I have daemontools starting apache2 with "-D PHP -D SSL -D NO_DETATCH"

And here are the last few lines of my apache log:

 *Quote:*   

> 
> 
> Jan 31 07:44:27 mathaw apache2[16583]: [info] Init: Initializing OpenSSL library
> 
> Jan 31 07:44:27 mathaw apache2[16583]: [info] Init: Seeding PRNG with 136 bytes of entropy
> ...

 

Any help would be great, thanks.

----------

## bcressey

 *Quote:*   

> 
> 
> Trying [IP address]...
> 
> Connected to [IP address].
> ...

 

Results of telnetting to your host on port 80. 

You need to remove the following chunk from your non-SSL vhost:

 *Quote:*   

> 
> 
> <IfModule mod_ssl.c> 
> 
>         SSLEngine on 
> ...

 

This is so you don't turn on SSL for non-SSL connections.

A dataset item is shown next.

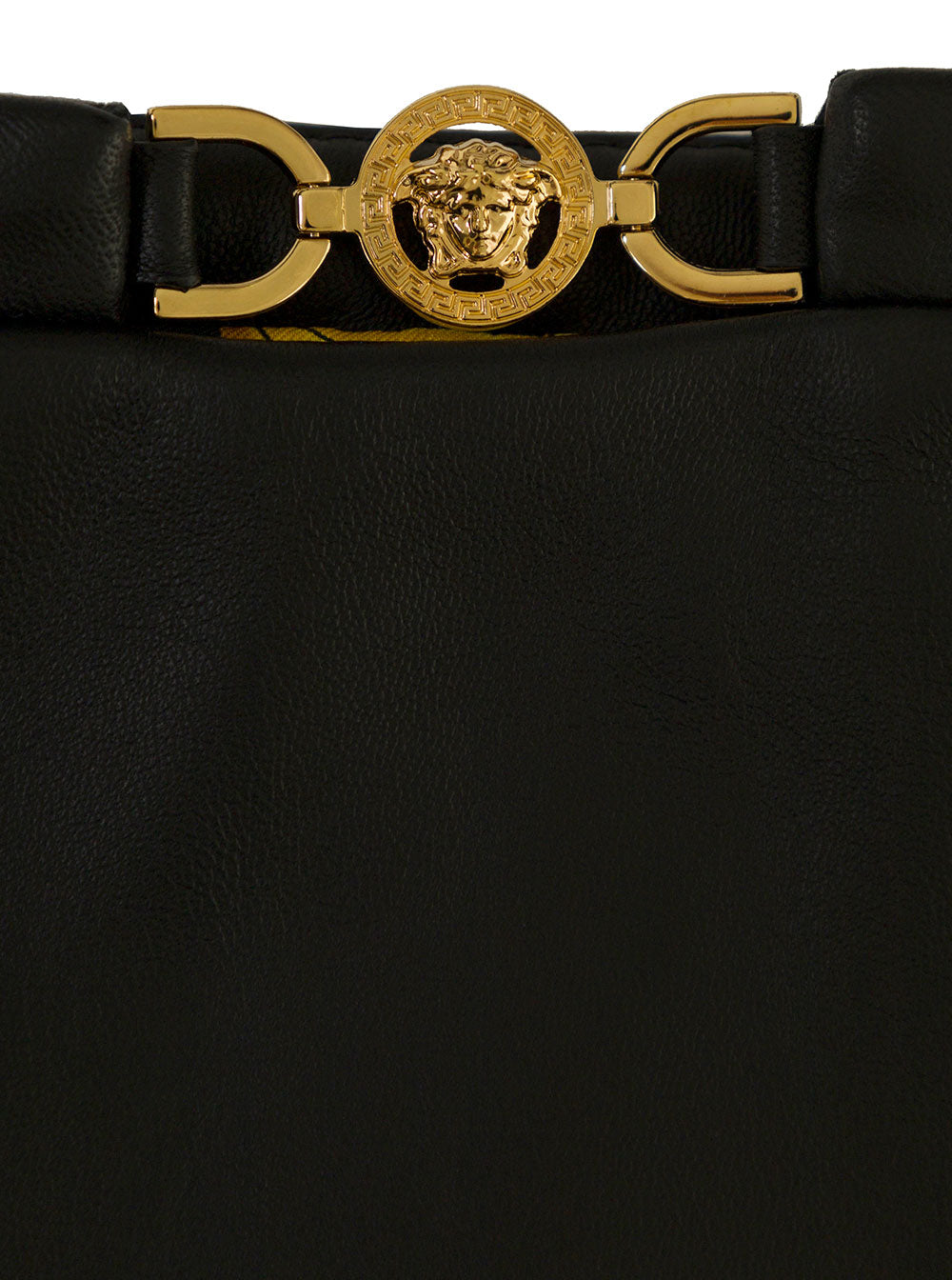 Black Mini-Skirt With Medusa Detail Smooth Leather Woman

(Edited to remove the references to your hostname in your config section.)

----------

## adamtheo

Thanks, bcressey! That was the solution. I forgot all about that section, thinking I had commented it out already.

----------

## adamtheo

Here's my final result for those having the same problem:

Instead of using the vhost.conf file, I have put each virtual host in a seperate file, for easy maintainability (you could easily lump all the virt hosts in the same file as default Gentoo does, though).

 *Quote:*   

> 
> 
> /etc/apache2/conf/theoretic.conf
> 
> <VirtualHost 66.45.74.31:80>
> ...

 

 *Quote:*   

> 
> 
> /etc/apache2/conf/theoretic.ssl.conf
> 
> <VirtualHost 66.45.74.31:443>
> ...

 

----------

## smukec

I've got a similar problem and solved somehow.

But now I don't get local characters correctly. Well, I get them if I connect https, but not for http.

I have a fixed IP on the router and then port 80 and 443 natstatic to internal ip. Currently I test it internally.

----------